Ronan’s POV
She runs like someone still expecting to be chased.
Not fast. Not reckless. Controlled. Every stride measured, every breath deliberate. She cuts through the pines on the north trail just before dawn, when the mist is thickest and the world is still half-asleep. She thinks no one sees her slip out of the lodge. She thinks the pack is still snoring behind closed doors.
She’s wrong.
I’ve watched her for weeks.
Not the way Darius watches, with heat and barely-leashed want. Not the way Kade watches, with strategy and quiet possession. I watch the way shadows watch: silent, patient, collecting pieces no one else notices.
The flinch when someone moves too quickly behind her.
The way her hand twitches toward her pocket when she thinks no one’s looking.
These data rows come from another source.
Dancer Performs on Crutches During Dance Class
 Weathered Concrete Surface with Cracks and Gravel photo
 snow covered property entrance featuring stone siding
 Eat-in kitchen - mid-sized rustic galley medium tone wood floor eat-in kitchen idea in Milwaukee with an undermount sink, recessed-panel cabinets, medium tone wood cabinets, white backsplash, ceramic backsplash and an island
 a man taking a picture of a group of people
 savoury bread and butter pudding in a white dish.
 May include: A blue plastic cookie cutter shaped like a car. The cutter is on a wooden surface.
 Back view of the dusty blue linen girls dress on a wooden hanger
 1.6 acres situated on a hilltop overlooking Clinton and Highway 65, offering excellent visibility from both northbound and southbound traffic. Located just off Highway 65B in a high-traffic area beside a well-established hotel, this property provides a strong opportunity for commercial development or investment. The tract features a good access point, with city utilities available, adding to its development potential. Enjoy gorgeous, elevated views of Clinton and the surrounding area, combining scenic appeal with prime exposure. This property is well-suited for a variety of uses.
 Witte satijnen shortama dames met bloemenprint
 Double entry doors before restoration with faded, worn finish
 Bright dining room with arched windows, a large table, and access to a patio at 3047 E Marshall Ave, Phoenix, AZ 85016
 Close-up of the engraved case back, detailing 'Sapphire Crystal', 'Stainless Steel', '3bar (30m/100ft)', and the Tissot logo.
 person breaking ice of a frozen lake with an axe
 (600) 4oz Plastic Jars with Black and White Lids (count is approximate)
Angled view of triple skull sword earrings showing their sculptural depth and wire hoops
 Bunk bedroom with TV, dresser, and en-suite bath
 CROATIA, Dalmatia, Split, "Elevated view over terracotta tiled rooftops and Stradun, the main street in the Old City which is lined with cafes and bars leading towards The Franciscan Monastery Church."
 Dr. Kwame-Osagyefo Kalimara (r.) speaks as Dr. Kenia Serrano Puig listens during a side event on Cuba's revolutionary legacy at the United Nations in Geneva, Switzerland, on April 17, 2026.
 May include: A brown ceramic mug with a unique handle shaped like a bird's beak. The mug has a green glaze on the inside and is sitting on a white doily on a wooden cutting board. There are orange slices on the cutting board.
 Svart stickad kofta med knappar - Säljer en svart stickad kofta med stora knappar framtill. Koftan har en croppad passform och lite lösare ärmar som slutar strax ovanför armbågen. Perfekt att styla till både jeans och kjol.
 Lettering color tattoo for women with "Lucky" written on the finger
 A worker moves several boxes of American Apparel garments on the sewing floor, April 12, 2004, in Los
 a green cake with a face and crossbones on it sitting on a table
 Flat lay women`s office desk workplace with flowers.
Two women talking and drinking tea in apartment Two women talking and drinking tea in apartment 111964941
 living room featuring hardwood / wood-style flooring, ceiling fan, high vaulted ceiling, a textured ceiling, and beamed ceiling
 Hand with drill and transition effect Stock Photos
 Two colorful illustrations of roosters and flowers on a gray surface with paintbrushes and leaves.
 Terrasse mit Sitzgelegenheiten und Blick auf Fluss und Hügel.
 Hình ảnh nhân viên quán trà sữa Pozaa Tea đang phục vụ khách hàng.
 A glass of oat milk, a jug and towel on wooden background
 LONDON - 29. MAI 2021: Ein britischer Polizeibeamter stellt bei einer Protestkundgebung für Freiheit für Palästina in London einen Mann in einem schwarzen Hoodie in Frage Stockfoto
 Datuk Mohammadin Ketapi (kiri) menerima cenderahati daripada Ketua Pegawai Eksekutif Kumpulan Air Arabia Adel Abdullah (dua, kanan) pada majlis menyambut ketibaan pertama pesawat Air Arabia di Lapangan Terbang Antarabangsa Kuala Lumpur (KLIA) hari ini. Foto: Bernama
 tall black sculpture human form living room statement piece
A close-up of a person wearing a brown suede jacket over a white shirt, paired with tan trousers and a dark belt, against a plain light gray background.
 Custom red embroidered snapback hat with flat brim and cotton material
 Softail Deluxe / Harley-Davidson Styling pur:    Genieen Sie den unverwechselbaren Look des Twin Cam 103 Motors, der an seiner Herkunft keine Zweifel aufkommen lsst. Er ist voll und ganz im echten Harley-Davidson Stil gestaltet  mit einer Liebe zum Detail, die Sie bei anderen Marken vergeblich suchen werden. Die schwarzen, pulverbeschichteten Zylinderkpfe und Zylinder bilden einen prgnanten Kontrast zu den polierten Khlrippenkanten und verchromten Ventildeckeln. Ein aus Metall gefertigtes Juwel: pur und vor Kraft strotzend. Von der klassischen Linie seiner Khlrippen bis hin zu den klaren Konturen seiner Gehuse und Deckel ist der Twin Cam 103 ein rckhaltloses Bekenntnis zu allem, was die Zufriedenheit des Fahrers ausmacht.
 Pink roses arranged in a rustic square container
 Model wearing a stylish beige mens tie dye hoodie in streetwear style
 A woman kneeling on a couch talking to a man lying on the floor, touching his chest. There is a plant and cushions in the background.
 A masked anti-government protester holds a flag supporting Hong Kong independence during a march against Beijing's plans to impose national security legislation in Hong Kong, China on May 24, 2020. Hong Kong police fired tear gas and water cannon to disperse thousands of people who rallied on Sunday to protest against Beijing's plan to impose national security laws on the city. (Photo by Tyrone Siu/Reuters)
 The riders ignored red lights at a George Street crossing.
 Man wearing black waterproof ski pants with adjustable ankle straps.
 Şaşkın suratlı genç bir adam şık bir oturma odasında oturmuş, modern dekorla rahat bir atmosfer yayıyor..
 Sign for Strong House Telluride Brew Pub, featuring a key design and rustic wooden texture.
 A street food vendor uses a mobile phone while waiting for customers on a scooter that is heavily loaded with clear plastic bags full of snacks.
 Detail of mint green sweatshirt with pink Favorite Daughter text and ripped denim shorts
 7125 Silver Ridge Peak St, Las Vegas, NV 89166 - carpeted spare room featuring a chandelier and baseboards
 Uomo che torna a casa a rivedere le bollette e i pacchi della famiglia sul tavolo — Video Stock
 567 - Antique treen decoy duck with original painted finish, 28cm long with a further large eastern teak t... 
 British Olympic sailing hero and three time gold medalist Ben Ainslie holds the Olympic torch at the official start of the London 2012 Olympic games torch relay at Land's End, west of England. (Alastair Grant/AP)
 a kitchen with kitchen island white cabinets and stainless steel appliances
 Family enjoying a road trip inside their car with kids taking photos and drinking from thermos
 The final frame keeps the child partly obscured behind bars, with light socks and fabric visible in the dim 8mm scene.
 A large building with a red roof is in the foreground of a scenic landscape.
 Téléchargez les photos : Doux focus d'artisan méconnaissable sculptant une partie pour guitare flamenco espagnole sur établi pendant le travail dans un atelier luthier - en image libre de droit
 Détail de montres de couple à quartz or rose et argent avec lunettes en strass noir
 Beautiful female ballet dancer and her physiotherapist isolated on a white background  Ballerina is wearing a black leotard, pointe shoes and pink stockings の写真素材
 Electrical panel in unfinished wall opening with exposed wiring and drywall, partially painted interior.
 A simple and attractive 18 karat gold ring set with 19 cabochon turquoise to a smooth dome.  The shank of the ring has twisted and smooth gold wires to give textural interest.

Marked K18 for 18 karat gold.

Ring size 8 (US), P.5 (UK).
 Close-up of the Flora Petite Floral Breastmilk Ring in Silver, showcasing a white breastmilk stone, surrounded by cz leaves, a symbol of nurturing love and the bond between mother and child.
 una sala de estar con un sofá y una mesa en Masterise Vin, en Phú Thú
The faint bitter scent that clings to her even after she showers, herbal, chemical, suppressant. She’s still taking them. Small doses. Hidden. Probably tucked inside the lining of that old jacket she never takes off.
She doesn’t trust her own body yet. Doesn’t trust the pack with it either.
Today I follow.
Not close enough for her to catch my scent on the wind. Close enough to hear the soft rhythm of her breathing turn ragged when she thinks she’s alone. She stops at the small clearing where the stream cuts through moss-covered rocks. Drops to one knee. Pulls a tiny vial from her inner pocket.
The cork pops. She tips two drops onto her tongue, grimaces, swallows.
I step out from the trees.
She freezes.
Her head snaps up. Eyes wide, emerald catching the first gray light. For half a second she looks like prey—heart hammering, muscles coiled to bolt. Then she forces it down. Straightens slowly. Wipes her mouth with the back of her hand.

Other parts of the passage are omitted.